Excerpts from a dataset

_____

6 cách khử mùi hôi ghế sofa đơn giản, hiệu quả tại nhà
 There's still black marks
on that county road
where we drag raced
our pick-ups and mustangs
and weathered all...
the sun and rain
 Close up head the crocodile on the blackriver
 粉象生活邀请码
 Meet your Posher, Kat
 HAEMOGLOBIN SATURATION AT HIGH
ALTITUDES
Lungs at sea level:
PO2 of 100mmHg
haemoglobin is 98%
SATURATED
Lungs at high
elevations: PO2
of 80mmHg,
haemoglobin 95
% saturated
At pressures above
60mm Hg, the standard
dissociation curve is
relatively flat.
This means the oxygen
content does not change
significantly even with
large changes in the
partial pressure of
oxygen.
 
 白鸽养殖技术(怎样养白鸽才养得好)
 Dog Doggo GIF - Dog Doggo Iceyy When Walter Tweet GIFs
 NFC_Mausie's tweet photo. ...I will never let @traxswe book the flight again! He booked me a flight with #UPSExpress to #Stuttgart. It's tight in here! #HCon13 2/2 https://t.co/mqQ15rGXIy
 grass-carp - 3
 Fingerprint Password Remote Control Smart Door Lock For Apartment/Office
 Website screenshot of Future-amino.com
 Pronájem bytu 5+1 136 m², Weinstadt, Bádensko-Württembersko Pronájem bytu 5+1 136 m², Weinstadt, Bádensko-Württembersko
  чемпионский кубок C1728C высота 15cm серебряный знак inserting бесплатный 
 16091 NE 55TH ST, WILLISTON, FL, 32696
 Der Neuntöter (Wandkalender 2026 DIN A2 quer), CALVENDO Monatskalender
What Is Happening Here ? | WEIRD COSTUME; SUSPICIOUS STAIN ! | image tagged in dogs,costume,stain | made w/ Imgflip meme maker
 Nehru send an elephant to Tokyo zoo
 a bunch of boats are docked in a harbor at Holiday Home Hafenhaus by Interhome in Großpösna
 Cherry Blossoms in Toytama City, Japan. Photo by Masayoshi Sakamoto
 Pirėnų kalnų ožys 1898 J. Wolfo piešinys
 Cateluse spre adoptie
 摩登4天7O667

_____

## Work instruction
From the records above, repeat exactly the lines from the one with "our pick-ups and mustangs" through the one with "Pirėnų kalnų ožys 1898 J. Wolfo piešinys", both included.

## Exercise response
our pick-ups and mustangs
and weathered all...
the sun and rain
 Close up head the crocodile on the blackriver
 粉象生活邀请码
 Meet your Posher, Kat
 HAEMOGLOBIN SATURATION AT HIGH
ALTITUDES
Lungs at sea level:
PO2 of 100mmHg
haemoglobin is 98%
SATURATED
Lungs at high
elevations: PO2
of 80mmHg,
haemoglobin 95
% saturated
At pressures above
60mm Hg, the standard
dissociation curve is
relatively flat.
This means the oxygen
content does not change
significantly even with
large changes in the
partial pressure of
oxygen.
 
 白鸽养殖技术(怎样养白鸽才养得好)
 Dog Doggo GIF - Dog Doggo Iceyy When Walter Tweet GIFs
 NFC_Mausie's tweet photo. ...I will never let @traxswe book the flight again! He booked me a flight with #UPSExpress to #Stuttgart. It's tight in here! #HCon13 2/2 https://t.co/mqQ15rGXIy
 grass-carp - 3
 Fingerprint Password Remote Control Smart Door Lock For Apartment/Office
 Website screenshot of Future-amino.com
 Pronájem bytu 5+1 136 m², Weinstadt, Bádensko-Württembersko Pronájem bytu 5+1 136 m², Weinstadt, Bádensko-Württembersko
  чемпионский кубок C1728C высота 15cm серебряный знак inserting бесплатный 
 16091 NE 55TH ST, WILLISTON, FL, 32696
 Der Neuntöter (Wandkalender 2026 DIN A2 quer), CALVENDO Monatskalender
What Is Happening Here ? | WEIRD COSTUME; SUSPICIOUS STAIN ! | image tagged in dogs,costume,stain | made w/ Imgflip meme maker
 Nehru send an elephant to Tokyo zoo
 a bunch of boats are docked in a harbor at Holiday Home Hafenhaus by Interhome in Großpösna
 Cherry Blossoms in Toytama City, Japan. Photo by Masayoshi Sakamoto
 Pirėnų kalnų ožys 1898 J. Wolfo piešinys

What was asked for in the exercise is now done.